Au tapis UBER, LYFT et consorts, toutes ces plateformes auxquelles tout un chacun peut proposer ses services en tant que travailleur indépendant. En Californie, l’Assembly bill 5, dite loi AB5, impose des conditions drastiques pour que ces travailleurs soient considérés comme indépendants. A défaut de remplir ces conditions, le travailleur sera requalifié en salarié. La loi a pour but de protéger les individus de l’exploitation des plateformes comme UBER. Et d’obliger les entreprises à embaucher plutôt que de recourir au travail en freelance.
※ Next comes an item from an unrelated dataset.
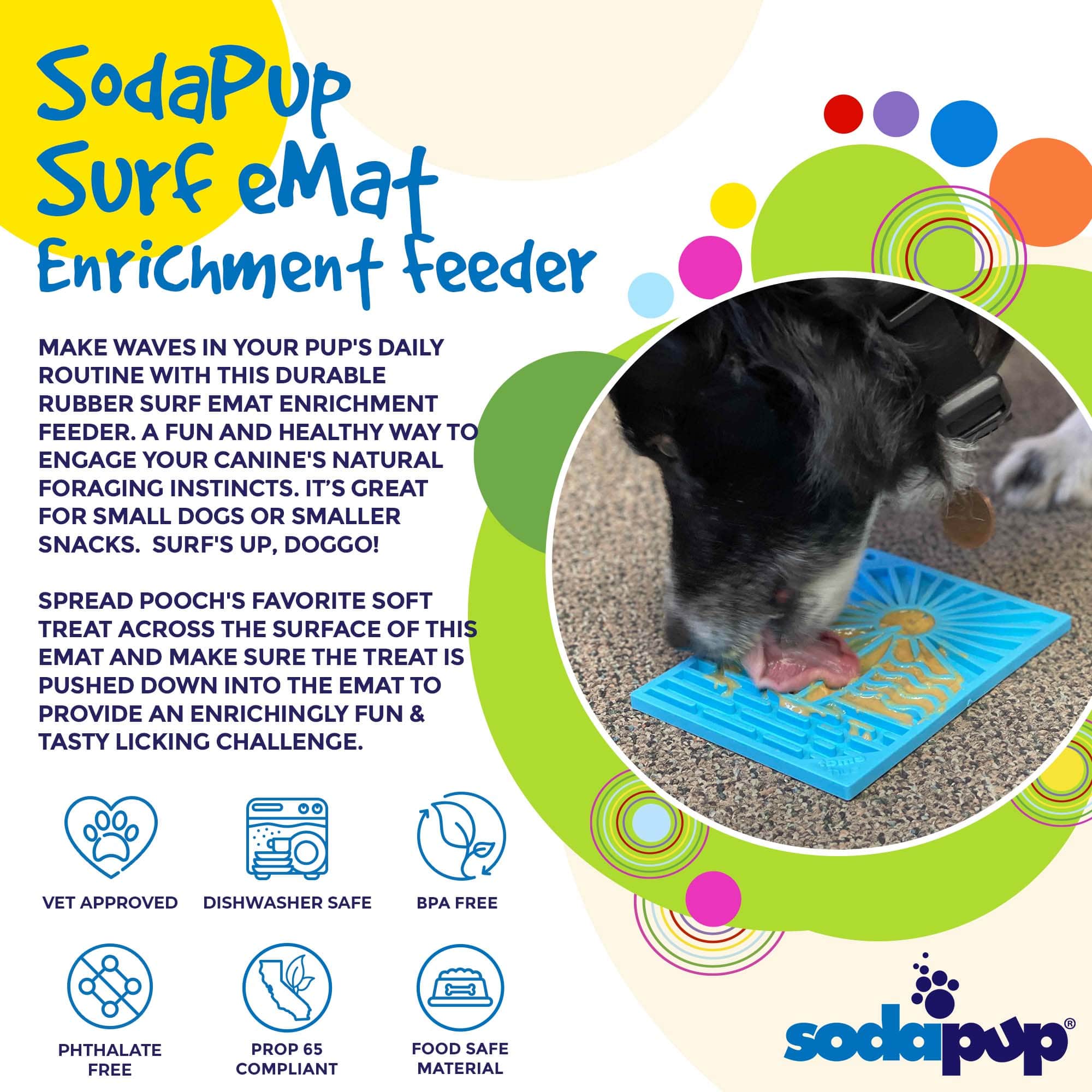 Surf's Up eMat - Small Lickmat for Dogs and Cats | Beach-Themed Design | SodaPup - BIG FRENCHIES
Cette loi a eu un effet immédiat. Le site Vox a décidé de se passer de ses quelque 200 freelancers (travailleurs libres), qui verront donc leurs revenus issus de Vox disparaître. Mais bien sûr, conformément à la loi, il y aura des embauches. Une vingtaine de personnes…

Le monde du freelance californien est vent debout contre la loi. Il redoute une baisse des revenus des freelancers, en raison de la perte des contrats qu’elle entraînerait. Curieux effets d’une loi qui prétend protéger les travailleurs en faisant baisser leur niveau de vie…

Au Royaume-Uni, l’association des travailleurs indépendants, l’IPSE, lutte contre la loi IR 35, qui permet de requalifier en contrat de salariat des contrats de freelance passés avec le secteur public. Elle a été élargie au secteur privé, cette version devant entrer en vigueur en avril 2020.

En France, c’est le Conseil constitutionnel qui censure un article de loi qui empêchait un juge de requalifier en contrat de travail l’engagement des travailleurs indépendants au service de plateformes électroniques. Le Conseil constitutionnel considère que c’est un juge qui doit en décider.

Les travailleurs en freelance ne sont donc pas en odeur de sainteté. Pourquoi ?

L’essor du travail en freelance

Le travail en freelance connaît un développement fulgurant. Selon le site Upwork, 35 % des travailleurs aux USA l’ont pratiqué en 2019. 60 % l’ont fait par choix, 40 % par nécessité, 28 % à temps plein. En France, selon l’étude Malt.fr, 90 % des freelancers le sont par choix. Et 80 % travaillent à temps plein.

Les statistiques révèlent plus de diversité qu’on ne l’imaginerait. Aux USA, 25 % de ceux qui ont un emploi à temps plein effectuent également un travail en freelance. D’autre part, le freelance concerne essentiellement le travail qualifié, contrairement à ce que l’expression gig economy (économie des petits boulots) laisse entendre. Ainsi, toujours aux USA, 41 % des post graduates sont freelancers. En France, 92 % des freelancers voient le freelancing comme une situation de long terme. Et 88 % ne souhaitent pas redevenir salariés.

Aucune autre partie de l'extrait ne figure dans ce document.